**Assignment:**
The required output is a verbatim transcription of the listing, pictures excluded.

**Supplied information:**
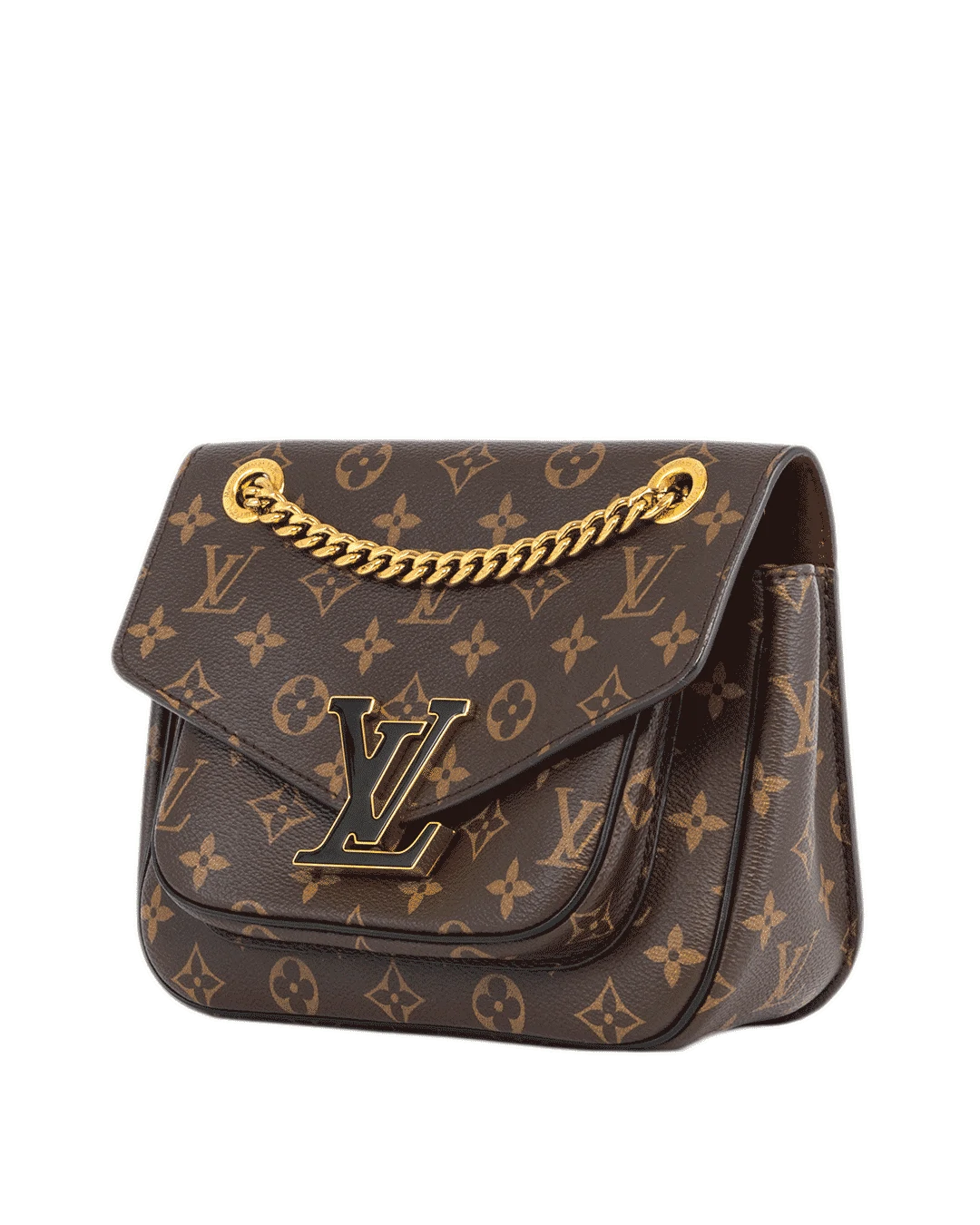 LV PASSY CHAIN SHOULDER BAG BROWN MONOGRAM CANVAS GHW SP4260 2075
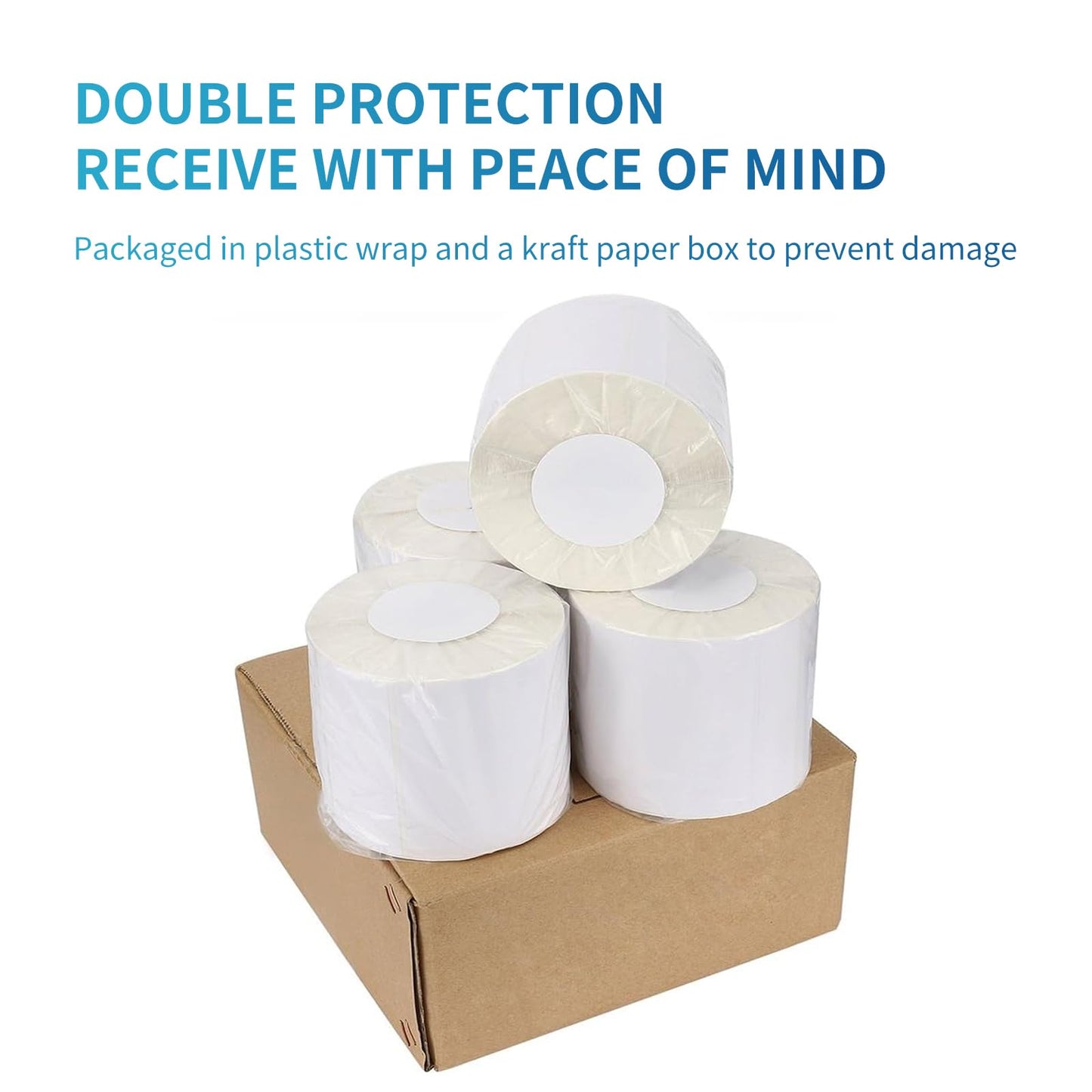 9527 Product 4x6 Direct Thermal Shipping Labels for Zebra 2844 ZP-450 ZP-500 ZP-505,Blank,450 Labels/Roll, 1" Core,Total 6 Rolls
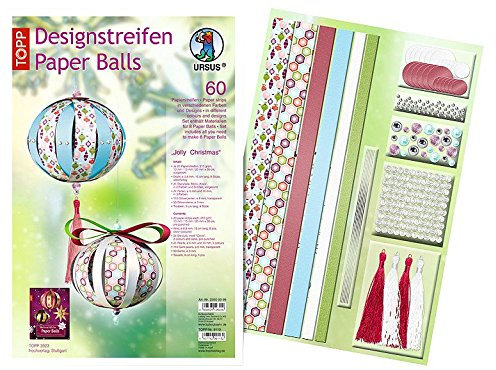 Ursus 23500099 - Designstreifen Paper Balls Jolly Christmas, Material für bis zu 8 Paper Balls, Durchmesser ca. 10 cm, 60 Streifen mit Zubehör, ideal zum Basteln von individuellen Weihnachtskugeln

**Answer section:**
 LV PASSY CHAIN SHOULDER BAG BROWN MONOGRAM CANVAS GHW SP4260 2075
 9527 Product 4x6 Direct Thermal Shipping Labels for Zebra 2844 ZP-450 ZP-500 ZP-505,Blank,450 Labels/Roll, 1" Core,Total 6 Rolls
 Ursus 23500099 - Designstreifen Paper Balls Jolly Christmas, Material für bis zu 8 Paper Balls, Durchmesser ca. 10 cm, 60 Streifen mit Zubehör, ideal zum Basteln von individuellen Weihnachtskugeln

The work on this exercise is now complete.